The growth and nutrient assimilation was evaluated in CaCl2- and CaSO4-supplemented cowpea plants subjected to salt stress (75 mM NaCl). The salinity significantly reduced the cowpea vegetative growth. The addition of CaCl2 in the growth medium did not significantly affect plant growth, while for the CaSO4, the beneficial effects of Ca2+ were moderate. Salinity increased the Na+, K+, Cl-, N and P content in the plants, however it decreased the content of Ca2+ and Mg2+. Increases in Ca2+ concentration in the nutrient solution caused decreases in the Na+ and Mg2+ contents and increases in Ca2+, K+, P, and Cl- contents. The supplemental Ca2+ may alleviate the Na+ toxicity and may improve nutritional and ionic balance in cowpea, but it cannot overcome the osmotic effects associated with the increased total salt concentration.

calcium; mineral nutrition; salinity; Vigna unguiculata


RESEARCH ARTICLE

Supplemental Ca2+ does not improve growth but it affects nutrient uptake in NaCl-stressed cowpea plants

Francisco Valderez Augusto GuimarãesI; Claudivan Feitosa de LacerdaII; Elton Camelo MarquesIII, Carlos Eduardo Braga de AbreuIII; Boanerges Freire de AquinoIV; José Tarquinio PriscoIII, Enéas Gomes-FilhoIII, * * Corresponding author: egomesf@ufc.br

IFundação Cearense de Meteorologia e Recursos Hídricos, Fortaleza, CE, Brasil

IIDepartamento de Engenharia Agrícola, Instituto Nacional de Ciência e Tecnologia em Salinidade (INCTSal/CNPq), Universidade Federal do Ceará, Fortaleza, CE, Brasil

IIIDepartamento de Bioquímica e Biologia Molecular, Instituto Nacional de Ciência e Tecnologia em Salinidade (INCTSal/CNPq), Universidade Federal do Ceará, Fortaleza, CE, Brasil

IVDepartamento de Ciências do Solo, Universidade Federal do Ceará, Fortaleza, CE, Brasil

ABSTRACT

The growth and nutrient assimilation was evaluated in CaCl2- and CaSO4-supplemented cowpea plants subjected to salt stress (75 mM NaCl). The salinity significantly reduced the cowpea vegetative growth.
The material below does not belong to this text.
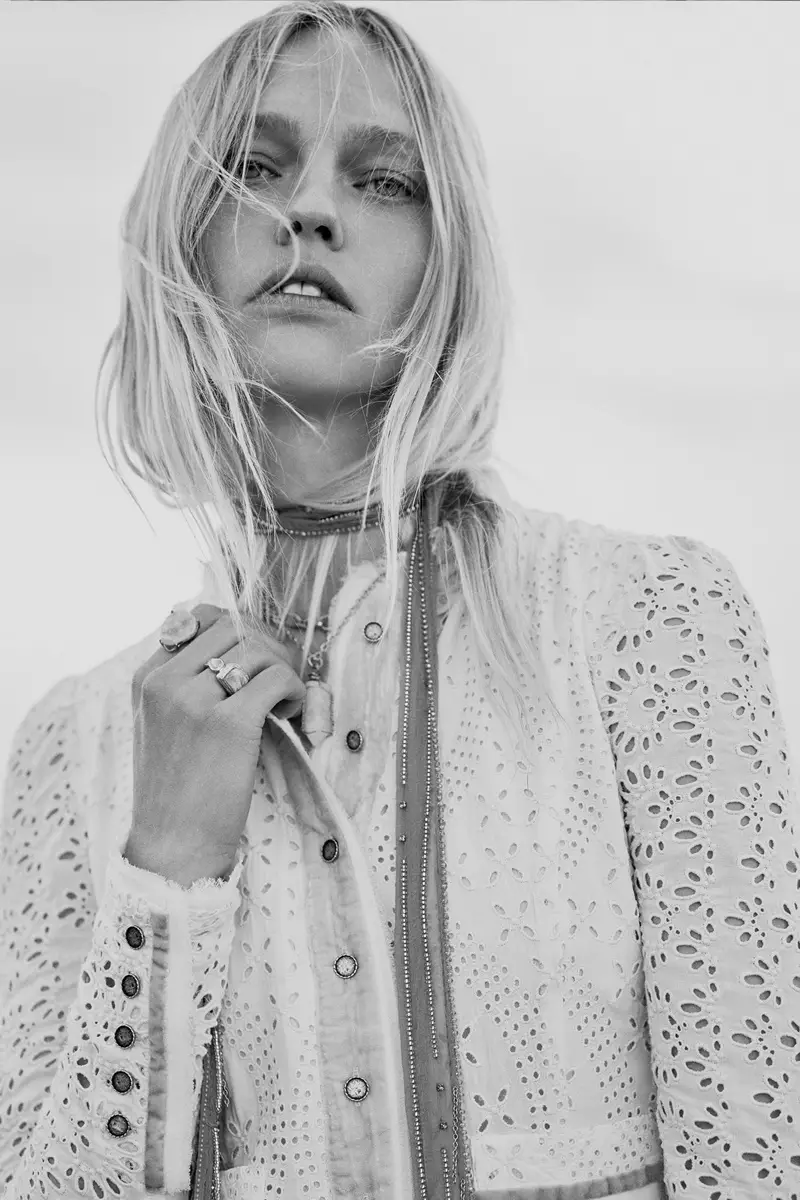 Sasha Pivovarova usa estilo boêmio no guia de tendências outono 2020 da Zara.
The addition of CaCl2 in the growth medium did not significantly affect plant growth, while for the CaSO4, the beneficial effects of Ca2+ were moderate. Salinity increased the Na+, K+, Cl-, N and P content in the plants, however it decreased the content of Ca2+ and Mg2+. Increases in Ca2+ concentration in the nutrient solution caused decreases in the Na+ and Mg2+ contents and increases in Ca2+, K+, P, and Cl- contents. The supplemental Ca2+ may alleviate the Na+ toxicity and may improve nutritional and ionic balance in cowpea, but it cannot overcome the osmotic effects associated with the increased total salt concentration.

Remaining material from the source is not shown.